Edwards believes that students and young people may be the best advocates for social change in this area. He pointed to successful student campaigns against racial discrimination, the Vietnam War, and Apartheid as models for the movement he would like to see started by students to fight poverty. The event attracted so many students that it had to be moved to a lawn outside the Kennedy School. Approximately 850 students braved a cold and windy day to hear Edwards’ speech, according to a spokesperson from his organization.

According to the Census Bureau, 37 million Americans live in poverty, including 570,000 in Massachusetts and more than 9,000 Cambridge children. As part of his speech, Edwards shared stories he had heard from these families and children about their experiences and explained how the media and politicians sometimes distort what poverty means in America.

He observed that although the “eyes of the country” were opened to the problem of poverty in the aftermath of Hurricanes Katrina and Rita, it is not clear how long the nation and the national media will remain interested in addressing the problem. It is up to students and other citizens, therefore, to keep the national interest in fighting poverty alive. “We know we can’t count on the politicians to do this for us,” Edwards said. “That’s the reason I am here and not in Washington.”

To address the problem of poverty, Edwards proposed fighting to expand access to college and to increase the national minimum wage from $5.15 to $7.50. To help more families develop savings and household assets, essential to staying afloat over time, he suggested a government sponsored program that would provide matching funds for money a low-wage worker put into a savings account. He also proposed a new type of housing vouchers to break up geographic concentrations of poverty.

Possibly previewing the themes of another presidential run, Edwards said, “There is a huge void of moral leadership in this country. We’ve shown that we are willing to use our muscle. Here’s the question: are we willing to lead in the great moral issues that face the world?”

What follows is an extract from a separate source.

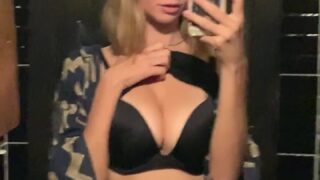 Yourina Fansly Pussy Play Clip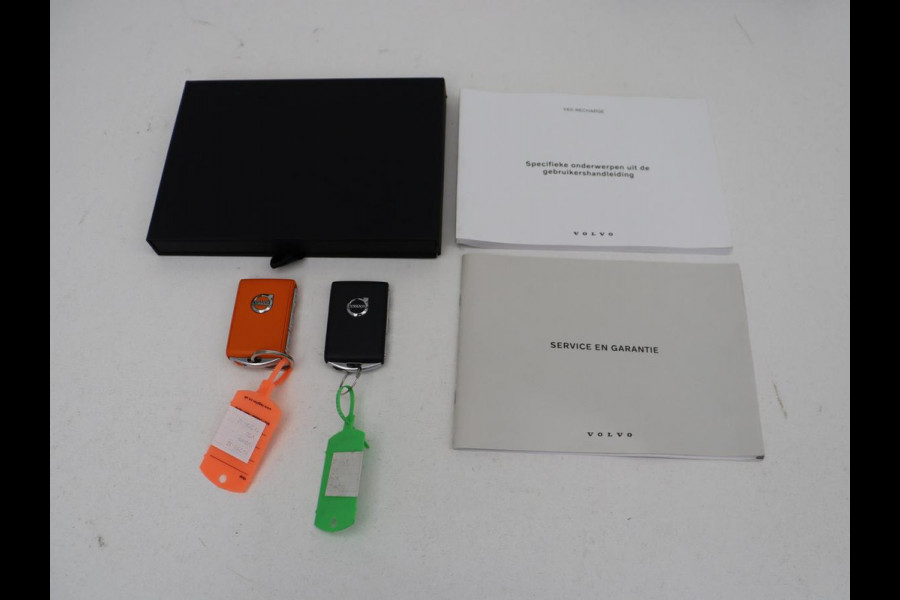 Volvo V60 2.0 T6 Recharge AWD R-Design | Trekhaak | Stoelventilatie | Massage | Memory | Adaptive cruise | Carplay | Camera | Keyless | Navigatie | Full LED | PHEV | Plug In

Edwards made poverty an issue in his 2004 presidential run, which emphasized the theme of “two Americas.”

Edwards praised Sen. Ted Kennedy’s work to raise the minimum wage, but he did not mention John Kerry — Massachusetts’ other senator and Edwards’ former running mate — in his remarks.

The event at the Kennedy School was organized by the Project Opportunity arm of Edwards’ Center for Promise and Opportunity in conjunction with an undergraduate organization, Students Taking On Poverty (STOP). Many law school students made it to the Kennedy school campus to listen to the speech. “It’s encouraging to see a major political figure like John Edwards focusing on poverty” said Brian Levine, a 1L and former Edwards staffer who attended the event.